Do tego trzeba doliczyć koszt ubezpieczenia. Dopiero te wszystkie opłaty stanowią rzeczywiste oprocentowanie kredytu (tzw. RRSO), które okazuje się znacznie wyższe od reklamowanego (wynosi co najmniej kilkanaście procent). Co za tym idzie, kredyt wcale nie jest taki tani, jak wydawało się na początku. Dlatego przed ostateczną decyzją poproś bank o konkretne wyliczenie, ile ta pożyczka będzie cię kosztowała. Informacja o wysokości rzeczywistego oprocentowania musi się znaleźć w umowie kredytowej. Zanim złożysz wniosek o pożyczkę, przejrzyj oferty kilku banków i porównaj warunki, jakie ci proponują. Zwykle najkorzystniej jest wziąć kredyt w banku, w którym masz konto, bo ten cię zna (tzn. zna twoją zdolność kredytową) i może ci pójść na rękę.Uwaga! Pamiętaj, że zgodnie z prawem możesz wypowiedzieć umowę w ciągu 10 dni (bank dołącza do umowy specjalny formularz, który musisz wypełnić). Jeżeli to zrobisz, bank zwróci ci wyłożone pieniądze z wyjątkiem kosztów ubezpieczenia kredytu.

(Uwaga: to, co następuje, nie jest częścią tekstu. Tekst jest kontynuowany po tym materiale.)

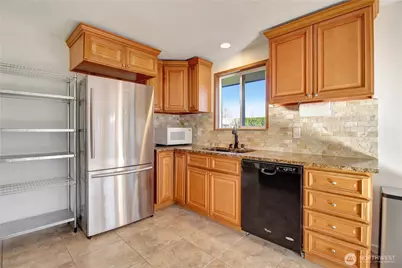 908 S 18th Street, Mount Vernon, WA 98274 - Photo 9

Zamiast kredytu, wykorzystaj konto

Nie zawsze, kiedy brakuje ci gotówki, musisz brać kredyt. To obciążenie na wiele miesięcy, a nie wiadomo, co przyniesie przyszłość. Jeżeli w portfelu brakuje ci niewiele, lepiej poszukaj innych rozwiązań. Możliwości uzyskania pieniędzy znajdziesz we własnym koncie.
* Możesz zrobić debet. Wcześniej jednak musisz poprosić bank o przyznanie ci salda debetowego. Zwykle dostajesz zgodę na dług w wysokości jednomiesięcznych zarobków, ale bank może ustanowić wyższy limit. Na spłatę debetu masz miesiąc. Oczywiście bank potrąci za tę pożyczkę odsetki, ale będą one niższe niż przy szybkim kredycie. Pamiętaj! Pilnuj terminu spłaty długu – jeśli to zaniedbasz, zostaniesz obciążona karnymi odsetkami, a możesz nawet w ogóle stracić możliwość robienia debetu.
* Weź tzw. kredyt odnawialny. Warunkiem jego przyznania są regularne wpływy na twoje konto. Kredyt odnawialny polega na tym, że bank „dodaje” do twojego rachunku pewną kwotę i pozwala ci z niej korzystać. Wysokość tego zasilenia zależy od twoich zarobków i wynosi ich wielokrotność (np. w PKO BP sześciokrotność wpływów). W niektórych bankach limit kredytu odnawialnego jest ustalany kwotowo (np. w Citi Handlowy wynosi on 100 tys. zł). Oprocentowanie wynosi od kilku do kilkunastu procent w stosunku rocznym (zależy od rodzaju konta, kwoty limitu). Odsetki są naliczane tylko od wykorzystanej przez ciebie kwoty (np. masz na koncie 3 tys. bankowych pieniędzy, ale potrzebujesz podjąć 1 tys. i od tego tysiąca bank naliczy odsetki). Na spłatę kredytu bank daje ci rok. Po tym okresie z reguły automatycznie przedłuża umowę o kredyt liniowy. Opłata za odnowienie linii kredytowej zależy od wysokości kredytu.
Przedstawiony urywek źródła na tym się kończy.